The claimant sought compensation under section 13 of the 1998 Act on the ground that the defendant processed his personal data unfairly in breach of the first data protection principle and that that had led to his expulsion. The claim included compensation for damage to his professional reputation.
At trial, the question arose whether the selection of information constituted processing under the 1998 Act.
The defendant contended that the risk manager had not been engaged in any automatic processing of the data. In relation to the electronic files, she had not made her selection by any automatic process but had applied her own nonautomatic judgment to the computer database; and in relation to the manual files, they did not come into the picture because they were not part of a relevant filing system.
The issues before the judge were:
(i) Did the risk review involve any processing of the claimant’s personal
data?
(ii) If so, was the processing unfair?
(iii) If so, had it been shown that, if the processing had been fair, the
termination decision would probably not have been made?
(iv) if the claimant succeeded thus far, what, if any, compensation would he
be entitled to?
The judge’s conclusions respectively were: (i) yes; (ii) only in a minor and inconsequential respect; (iii) and (iv) did not arise, but if they did the answers to them would be (iii) yes, on the balance of probabilities, and (iv) £10.50 for pecuniary loss, £5,000 for distress; and if, contrary to the judge’s view, damage to reputation was a valid head of claim under the 1998 Act, £1,000 in that respect.
On appeal, the claimant challenged finding (ii), and the judge’s approach to, and thus the level of the sums awarded under (iii) and (iv). The defendant cross-appealed against finding (i) as to processing and against findings (iii) and (iv) on the ground that, in any event, no damages were recoverable.
Mr Martin Howe, QC and Mr Ashley Roughton for Mr Johnson; Mr Richard Spearman, QC and Miss Jacqueline Reid for the Medical Defence Union.
LORD JUSTICE BUXTON said that the first question was whether the selection of information by the risk manager in the circumstances case constituted “processing” under the 1998 Act.

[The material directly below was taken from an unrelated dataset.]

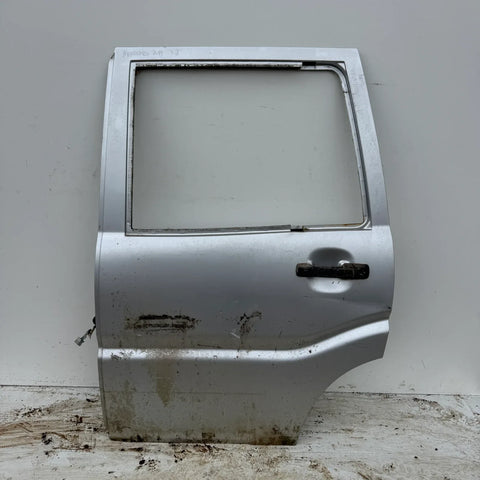 Puerta lata TRASERA IZQUIERDA Mahindra Pickup 2014 - 4x2 Bencina Mecánico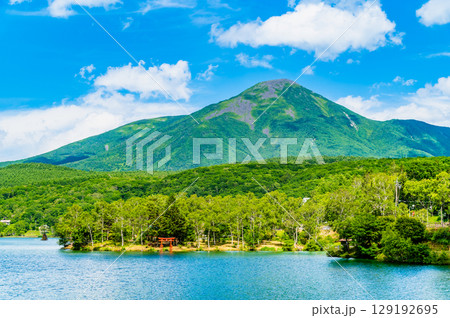 長野 白樺湖と蓼科山 長野 白樺湖と蓼科山 129192695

The 1998 Act had to be interpreted in the light of Directive 95/46/EC (OJ November 28, 1995 L281/31) which it sought to transpose into domestic law.

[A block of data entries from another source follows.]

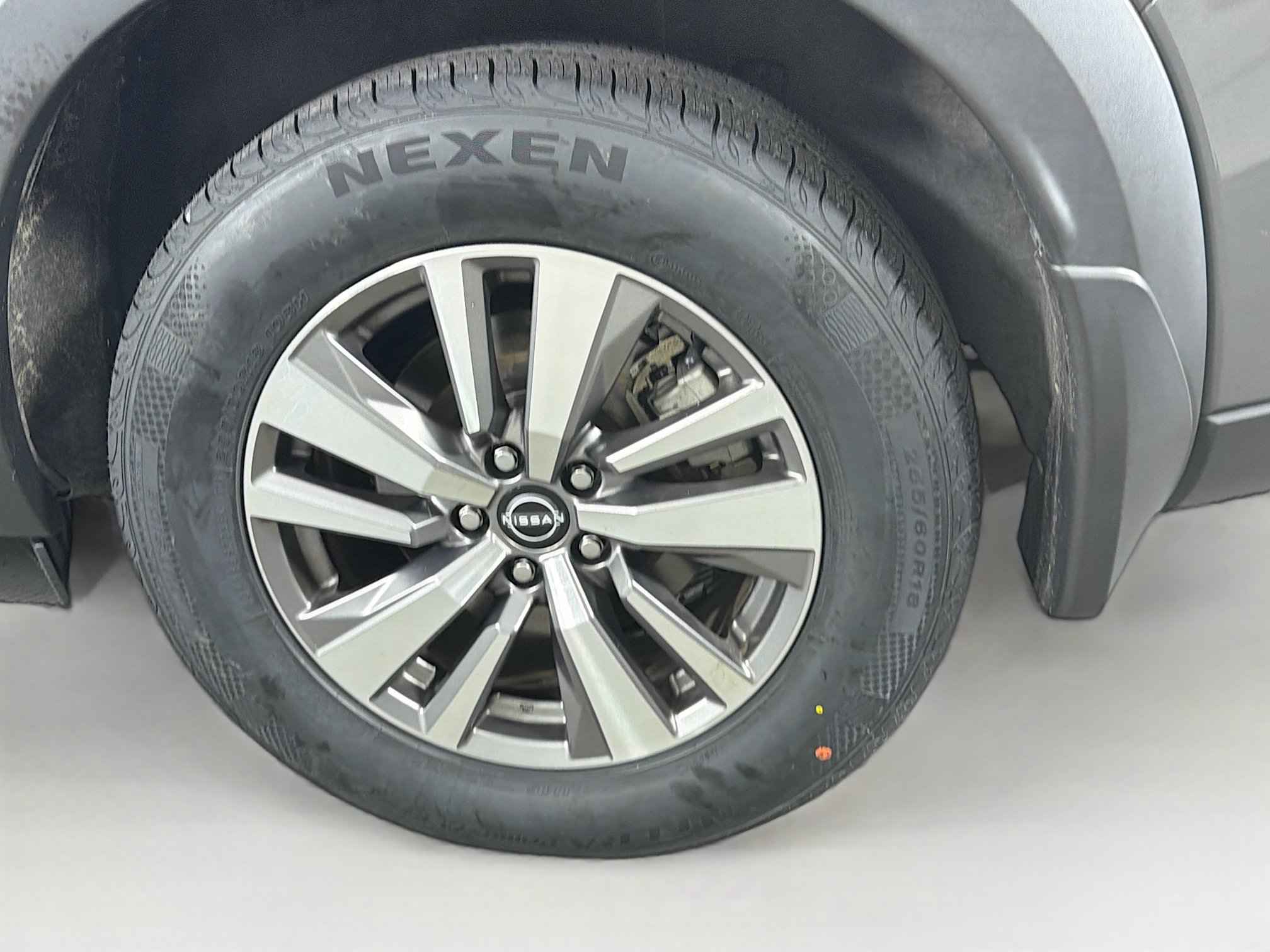 Used 2023 Nissan Pathfinder SL w/ Lighting Package (N92) FWD image 11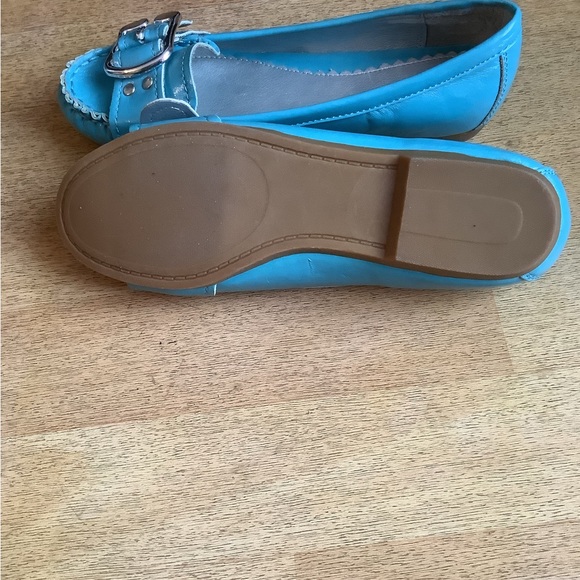 Camden blue Nevada flats, never worn but without tag.in size 6M - Picture 4 of 4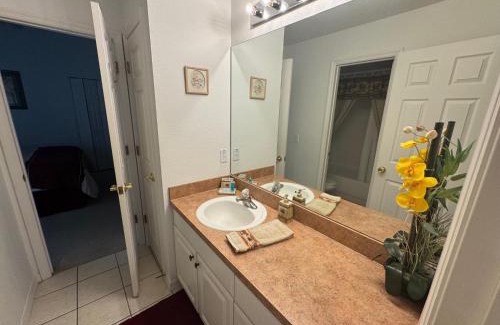 Cumbrian Lakes House | Sunset Villa – Your Gateway to a Magical Florida Vacation!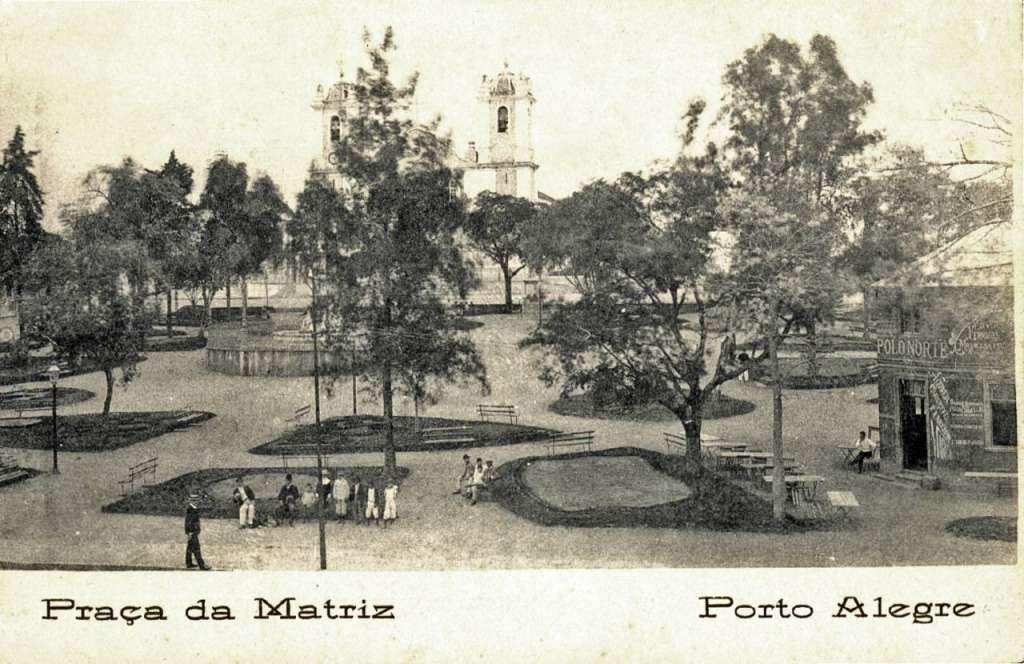 Porto Alegre - Praça da Matriz na década de 1920.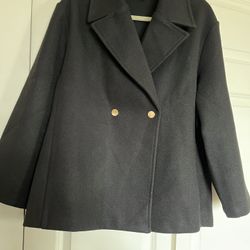 It’s A Beautiful Woman’s Jacket In Size Medium The Color Is Black Never Been Worn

There were differences of wording between the two instruments but nothing turned on the differences; nor was it submitted that the 1998 Act inadequately transposed the Directive.
Furthermore, although a leading principle of the Directive was that data should be handled in such a way as to protect the privacy of the data subject, in the light of R (Countryside Alliance) v Attorney-General ( The Times June 30, 2006; [2006] 3 WLR 1017), it was not submitted that the treatment accorded to the claimant infringed article 8 or any other article of the European Convention.

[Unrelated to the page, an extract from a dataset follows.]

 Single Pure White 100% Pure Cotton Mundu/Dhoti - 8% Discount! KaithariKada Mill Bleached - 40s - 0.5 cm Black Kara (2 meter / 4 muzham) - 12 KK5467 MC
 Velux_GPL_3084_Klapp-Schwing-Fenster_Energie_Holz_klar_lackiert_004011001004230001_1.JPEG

Having had extensive regard, inter alia, to section 1 of, and Schedule 1 to the 1998 Act, as well as Campbell v MGN Ltd([2003] QB 633), the conclusion was that neither the 1998 Act nor Directive 95/46/EC supported the claimant’s case.
Accordingly, the judge had erred as to the first issue in holding that the selection of the data amounted to processing of data in the terms of the 1998 Act. It followed that the cross-appeal on that issue would be allowed and that was sufficient to dispose of the proceedings.
Lady Justice Arden gave a dissenting judgment on issue (i). Lord Justice Longmore agreed with Lord Justice Buxton as to issue (i) and the result.
Solicitors: Withers LLP; Fladgate Fielder.